My mother was born in Washington, DC, the capital city of the United States, the seat of government, the home of the president, and such a large black population that it has been known as “Chocolate City”.
My father was born in the Gilbert Islands, the most populous group of atolls in present-day Kiribati. He was six when his family was relocated to Fiji after World War II, so that the British could continue mining phosphate on their ancestral island.
Most of the time, when people learn that I am African American and I-Kiribati they say, “That’s an unusual mix.” Then, of course, they want to know how my parents met.
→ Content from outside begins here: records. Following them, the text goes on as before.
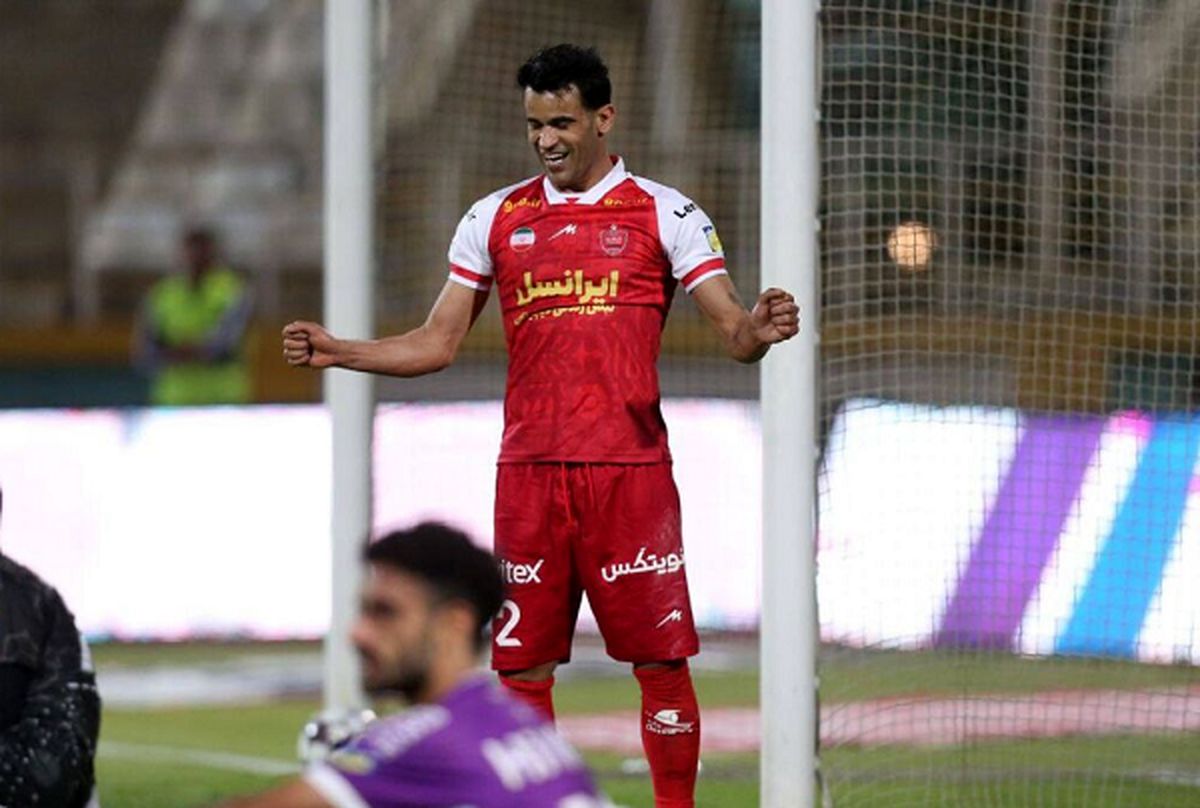 آل‌کثیر از اول فصل بود پرسپولیس صدرنشین می‌شد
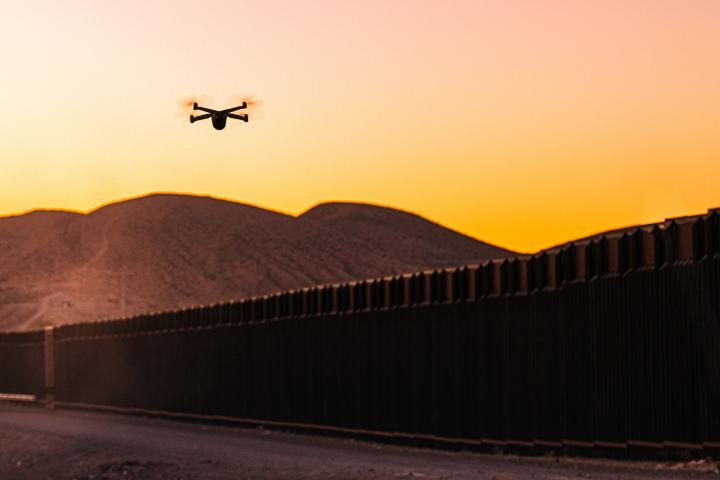 Un dron (UAV) equipado con una cámara sobrevuela la frontera entre Estados Unidos y México, cerca de El Paso, Texas.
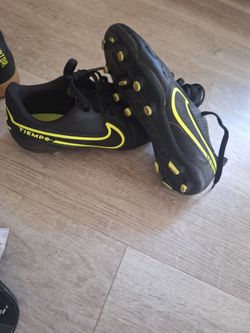 Adidas Predator Club, Nike tiempo, Shin Guards Size S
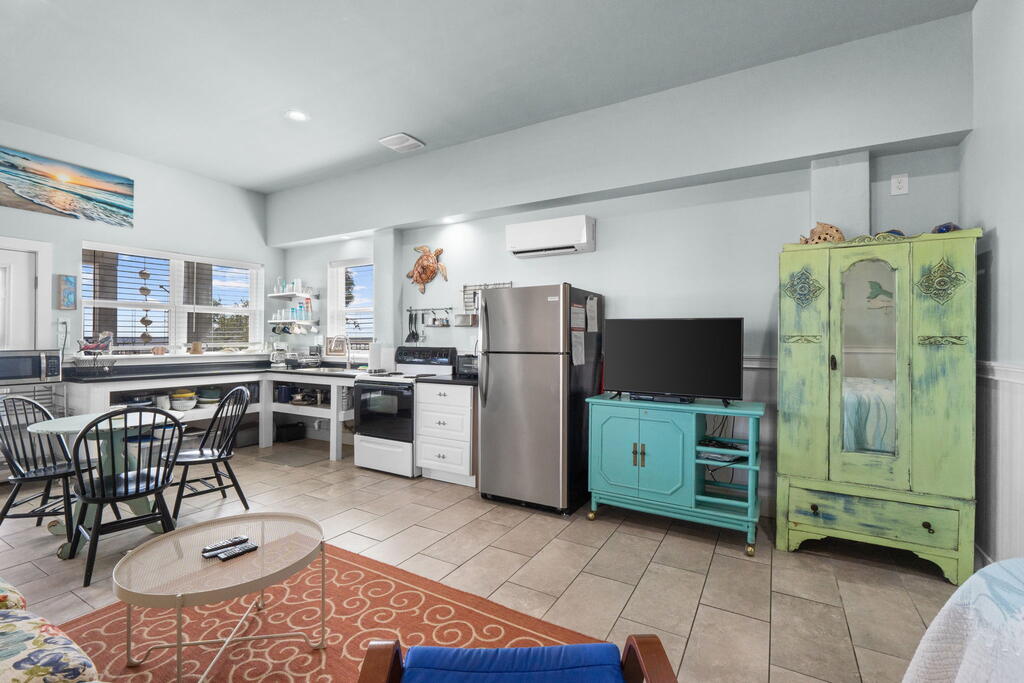 180 Pilot Dr, Port St. Joe 32456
As I’m discovering, there are more African American Pacific Islanders out there than people might assume.
But that’s a different story.
For now, I want to reflect on how I was forced to think about African American history and the future of Pacific Islanders in a way that caught me off-guard.
Two weeks ago, I was sitting in a conference on climate change at Victoria University in Wellington, listening to the keynote address by President Anote Tong of Kiribati.
This was the first time I’d heard him speak, in his charismatic way, about the issue that has really come to define his 12-year tenure as president of an island republic on the frontline of climate change.
Tong has been such a prominent spokesperson for climate change awareness — and, indeed, action — that in 2015 he was nominated for a Nobel Peace prize.
I’m not a citizen of Kiribati, but I have to admit that as his voice weaved its way through the lecture theatre speakers, I felt a swell of national pride.
And then Tong’s words took a turn that I hadn’t expected. First he described climate change as the greatest moral challenge of our time. And then he compared it to the Trans-
Atlantic slave trade.
Was he really comparing this to nearly 400 years of brutalising enslavement of peoples stolen and sold out of Africa — among them my maternal ancestors? How is climate change like the Trans-Atlantic slave trade?
Other Pacific leaders had gotten into trouble before for attempting to draw analogies across cultural and historical contexts. (Anyone remember Tariana Turia being censured by the New Zealand Labour party leadership for using the term “holocaust” to describe the impacts of colonisation on Māori?) I hoped Tong had thought this through carefully.
He had. Slavery, he said, was a system that was justified solely by its profitability. Morality was all that opponents of slavery had to argue against slave plantation economics.
This is the same with climate change, Tong argued. Climate change is the consequence of a system justified solely by its profitability. The fossil fuel and coal industries, for example, are profitable. But they’re also immoral. They’re reaping profits for the few, while spreading the costs around the world. And some of these costs include the loss of whole homelands and livelihoods.
But what if “whole homelands” are so small that the rest of the world — even most present-day descendants of the Trans-Atlantic slave trade — can’t muster up the energy to care?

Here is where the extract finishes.